- RECORDS PROVIDED:
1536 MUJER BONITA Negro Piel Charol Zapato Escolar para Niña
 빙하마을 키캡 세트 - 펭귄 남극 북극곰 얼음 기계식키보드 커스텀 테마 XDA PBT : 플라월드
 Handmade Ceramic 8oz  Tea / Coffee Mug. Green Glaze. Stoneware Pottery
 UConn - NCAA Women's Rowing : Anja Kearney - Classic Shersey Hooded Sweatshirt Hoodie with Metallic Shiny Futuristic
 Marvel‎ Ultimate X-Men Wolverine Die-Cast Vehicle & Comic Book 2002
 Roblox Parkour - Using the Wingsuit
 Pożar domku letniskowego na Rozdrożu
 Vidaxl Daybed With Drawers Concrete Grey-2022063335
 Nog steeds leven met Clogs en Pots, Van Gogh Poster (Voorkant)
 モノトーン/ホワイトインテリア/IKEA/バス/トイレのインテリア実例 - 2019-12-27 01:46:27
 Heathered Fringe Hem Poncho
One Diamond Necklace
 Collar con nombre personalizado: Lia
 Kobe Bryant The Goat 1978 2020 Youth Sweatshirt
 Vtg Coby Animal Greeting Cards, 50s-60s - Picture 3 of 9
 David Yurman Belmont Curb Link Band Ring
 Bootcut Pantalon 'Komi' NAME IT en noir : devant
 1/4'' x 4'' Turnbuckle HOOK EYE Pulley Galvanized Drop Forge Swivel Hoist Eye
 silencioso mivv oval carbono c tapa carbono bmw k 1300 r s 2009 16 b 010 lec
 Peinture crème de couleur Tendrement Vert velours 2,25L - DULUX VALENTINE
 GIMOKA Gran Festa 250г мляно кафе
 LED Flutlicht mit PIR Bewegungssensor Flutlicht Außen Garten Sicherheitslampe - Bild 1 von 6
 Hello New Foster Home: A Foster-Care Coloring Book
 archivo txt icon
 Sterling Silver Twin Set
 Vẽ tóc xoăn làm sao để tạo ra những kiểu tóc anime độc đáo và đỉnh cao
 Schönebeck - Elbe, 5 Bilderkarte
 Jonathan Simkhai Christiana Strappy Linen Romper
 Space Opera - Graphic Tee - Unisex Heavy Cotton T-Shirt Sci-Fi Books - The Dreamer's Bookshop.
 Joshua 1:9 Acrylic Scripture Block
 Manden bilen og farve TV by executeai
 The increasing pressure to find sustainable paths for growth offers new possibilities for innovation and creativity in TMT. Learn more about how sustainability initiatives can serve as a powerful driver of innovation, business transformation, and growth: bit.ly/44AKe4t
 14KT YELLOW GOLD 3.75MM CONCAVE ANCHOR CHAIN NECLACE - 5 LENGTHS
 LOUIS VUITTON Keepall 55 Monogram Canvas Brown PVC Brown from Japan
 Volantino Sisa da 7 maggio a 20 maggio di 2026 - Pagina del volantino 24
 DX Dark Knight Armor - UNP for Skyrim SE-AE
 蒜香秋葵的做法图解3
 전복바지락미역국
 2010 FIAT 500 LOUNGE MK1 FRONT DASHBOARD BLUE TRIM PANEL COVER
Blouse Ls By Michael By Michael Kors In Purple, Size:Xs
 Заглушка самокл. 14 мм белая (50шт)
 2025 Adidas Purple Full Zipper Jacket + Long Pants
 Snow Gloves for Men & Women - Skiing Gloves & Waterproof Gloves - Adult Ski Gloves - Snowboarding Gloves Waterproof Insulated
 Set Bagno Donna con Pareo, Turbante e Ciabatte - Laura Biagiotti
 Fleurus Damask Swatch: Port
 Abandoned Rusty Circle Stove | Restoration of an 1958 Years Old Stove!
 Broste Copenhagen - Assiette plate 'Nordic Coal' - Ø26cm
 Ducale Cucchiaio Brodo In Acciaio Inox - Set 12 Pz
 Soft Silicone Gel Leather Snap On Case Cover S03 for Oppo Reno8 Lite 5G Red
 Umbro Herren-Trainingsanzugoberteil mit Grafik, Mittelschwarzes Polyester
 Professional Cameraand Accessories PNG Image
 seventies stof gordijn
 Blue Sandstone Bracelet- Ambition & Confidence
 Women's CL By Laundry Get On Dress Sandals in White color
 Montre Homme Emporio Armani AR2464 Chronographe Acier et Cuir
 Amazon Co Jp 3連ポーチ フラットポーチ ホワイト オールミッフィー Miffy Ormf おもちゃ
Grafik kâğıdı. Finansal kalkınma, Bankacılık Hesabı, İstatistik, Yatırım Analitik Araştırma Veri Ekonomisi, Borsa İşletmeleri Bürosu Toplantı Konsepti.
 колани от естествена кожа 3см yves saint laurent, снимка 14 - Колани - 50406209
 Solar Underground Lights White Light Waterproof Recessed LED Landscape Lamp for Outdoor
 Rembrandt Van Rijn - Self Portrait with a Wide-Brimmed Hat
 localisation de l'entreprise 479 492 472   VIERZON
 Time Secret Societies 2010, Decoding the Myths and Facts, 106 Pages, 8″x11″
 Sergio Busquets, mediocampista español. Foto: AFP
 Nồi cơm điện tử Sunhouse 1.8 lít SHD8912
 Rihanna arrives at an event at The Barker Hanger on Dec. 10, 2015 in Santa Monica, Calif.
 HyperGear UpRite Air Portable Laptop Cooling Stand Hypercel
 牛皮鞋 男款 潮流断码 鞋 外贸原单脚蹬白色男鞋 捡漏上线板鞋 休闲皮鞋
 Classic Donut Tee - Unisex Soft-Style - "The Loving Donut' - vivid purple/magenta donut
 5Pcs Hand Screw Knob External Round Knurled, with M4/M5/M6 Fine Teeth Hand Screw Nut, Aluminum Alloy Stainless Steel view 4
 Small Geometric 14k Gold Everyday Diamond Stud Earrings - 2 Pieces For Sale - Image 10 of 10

- WHAT TO WORK ON:
Among the records above, repeat exactly the line with "Snow Gloves for", the line with "Women's CL By", and every line in between, and only those.

- ANSWER BOX:
 Snow Gloves for Men & Women - Skiing Gloves & Waterproof Gloves - Adult Ski Gloves - Snowboarding Gloves Waterproof Insulated
 Set Bagno Donna con Pareo, Turbante e Ciabatte - Laura Biagiotti
 Fleurus Damask Swatch: Port
 Abandoned Rusty Circle Stove | Restoration of an 1958 Years Old Stove!
 Broste Copenhagen - Assiette plate 'Nordic Coal' - Ø26cm
 Ducale Cucchiaio Brodo In Acciaio Inox - Set 12 Pz
 Soft Silicone Gel Leather Snap On Case Cover S03 for Oppo Reno8 Lite 5G Red
 Umbro Herren-Trainingsanzugoberteil mit Grafik, Mittelschwarzes Polyester
 Professional Cameraand Accessories PNG Image
 seventies stof gordijn
 Blue Sandstone Bracelet- Ambition & Confidence
 Women's CL By Laundry Get On Dress Sandals in White color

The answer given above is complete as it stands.